I should break up my whole life, and I cannot do it. My life is not as important as Hugo's, and Henry doesn't need me because he has June. But whatever in me has grown outside and beyond Hugo will go
on.
MAY
I never have seen as clearly as tonight that my journal writing is a vice, a disease. I came home at seven-thirty worn out by a magnificent night with Henry and three hours with Eduardo. I didn't have the strength to go to Henry again. I had dinner, smoked dreamily. I glided into my bedroom, felt a sense of being enclosed, of falling into myself. I got my journal from its last hiding place under my dressing table and threw it on the bed. And I had the feeling that this is the way an opium smoker prepared his pipe. The journal, like a fragment of myself, shares my duplicities. Where has my tremendous fatigue gone? Occasionally I stop writing and feel a profound lethargy. And then some demoniac feeling urges me on.
I confide in Allendy.
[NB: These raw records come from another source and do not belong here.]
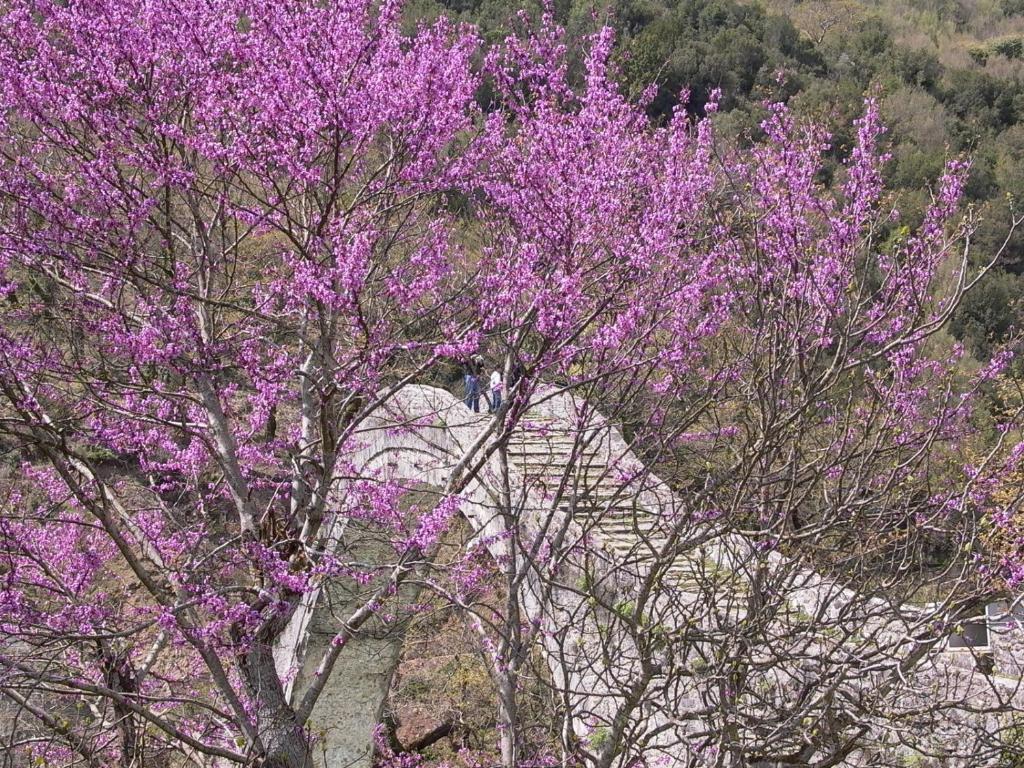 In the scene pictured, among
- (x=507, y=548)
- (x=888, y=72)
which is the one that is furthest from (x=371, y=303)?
(x=888, y=72)

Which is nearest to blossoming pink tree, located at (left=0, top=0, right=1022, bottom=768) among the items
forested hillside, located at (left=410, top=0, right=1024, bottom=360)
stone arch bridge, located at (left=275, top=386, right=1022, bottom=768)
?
stone arch bridge, located at (left=275, top=386, right=1022, bottom=768)

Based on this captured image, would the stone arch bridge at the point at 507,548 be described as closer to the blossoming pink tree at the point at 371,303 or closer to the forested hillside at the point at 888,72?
the blossoming pink tree at the point at 371,303

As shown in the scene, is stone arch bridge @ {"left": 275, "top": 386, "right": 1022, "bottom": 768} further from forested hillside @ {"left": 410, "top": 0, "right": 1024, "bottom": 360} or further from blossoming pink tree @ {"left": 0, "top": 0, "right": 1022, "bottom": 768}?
forested hillside @ {"left": 410, "top": 0, "right": 1024, "bottom": 360}

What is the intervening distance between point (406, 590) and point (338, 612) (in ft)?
3.16

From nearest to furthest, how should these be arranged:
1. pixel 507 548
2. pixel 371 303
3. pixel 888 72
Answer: pixel 371 303
pixel 507 548
pixel 888 72

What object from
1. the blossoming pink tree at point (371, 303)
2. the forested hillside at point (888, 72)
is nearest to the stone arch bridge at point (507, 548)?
the blossoming pink tree at point (371, 303)

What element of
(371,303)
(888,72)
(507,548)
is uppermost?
(888,72)

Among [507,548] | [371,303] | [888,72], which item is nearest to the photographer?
[371,303]

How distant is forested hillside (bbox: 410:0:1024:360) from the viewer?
24219 mm

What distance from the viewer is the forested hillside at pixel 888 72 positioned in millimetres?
24219

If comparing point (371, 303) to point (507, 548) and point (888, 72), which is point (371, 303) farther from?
point (888, 72)

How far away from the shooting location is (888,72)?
35.1 m

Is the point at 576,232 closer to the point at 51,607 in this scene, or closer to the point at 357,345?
the point at 357,345

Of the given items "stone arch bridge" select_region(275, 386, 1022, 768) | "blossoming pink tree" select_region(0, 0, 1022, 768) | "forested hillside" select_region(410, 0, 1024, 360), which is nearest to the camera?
"blossoming pink tree" select_region(0, 0, 1022, 768) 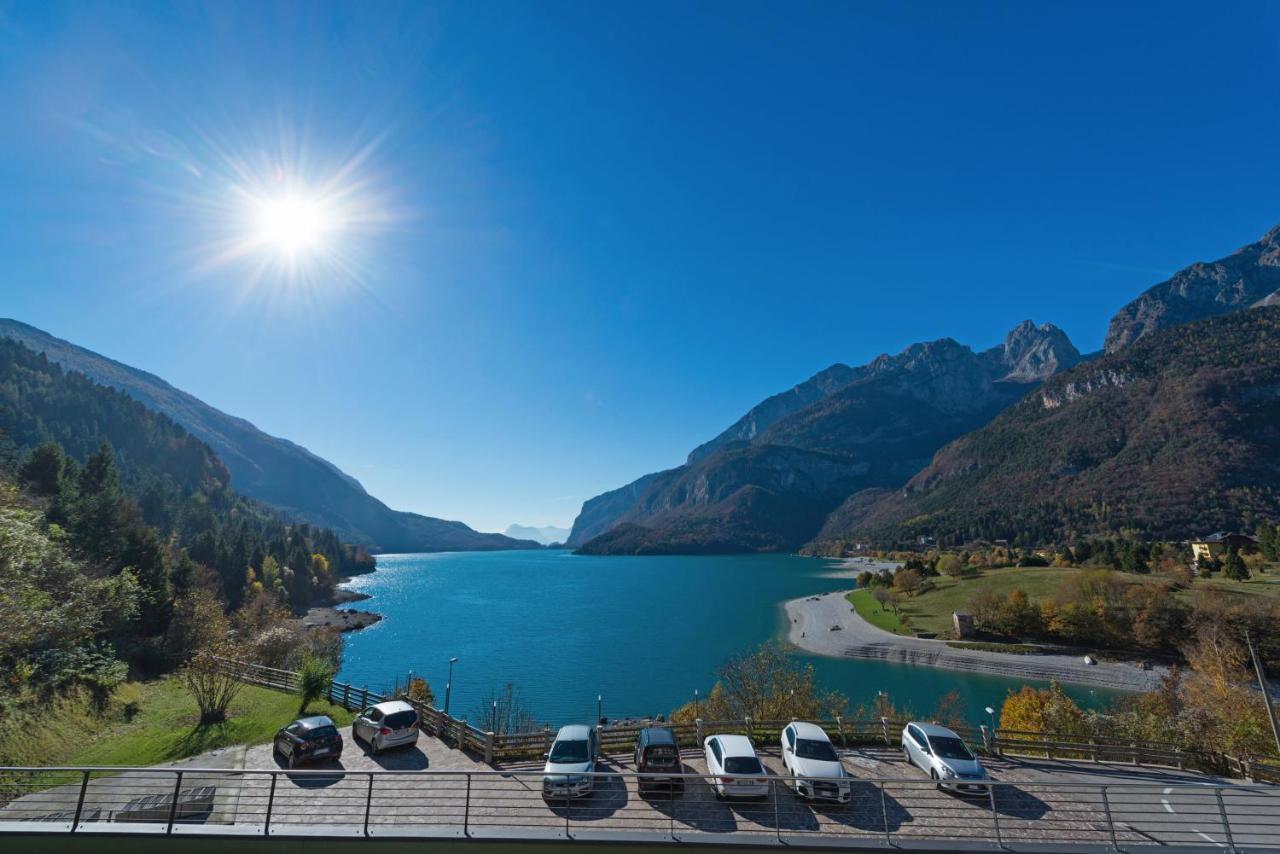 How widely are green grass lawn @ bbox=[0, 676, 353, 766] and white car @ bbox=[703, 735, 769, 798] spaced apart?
63.7ft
I talk profusely about my childhood, quote from my early journals obvious phrases about Father—so intelligible now, my passion for him. Also my sense of guilt; I felt I did not deserve anything.
We discuss finances and I tell him the cost of the visits prevents me from seeing him more often. He not only reduces his fee by half but offers to let me pay in part by working for him. I am flattered.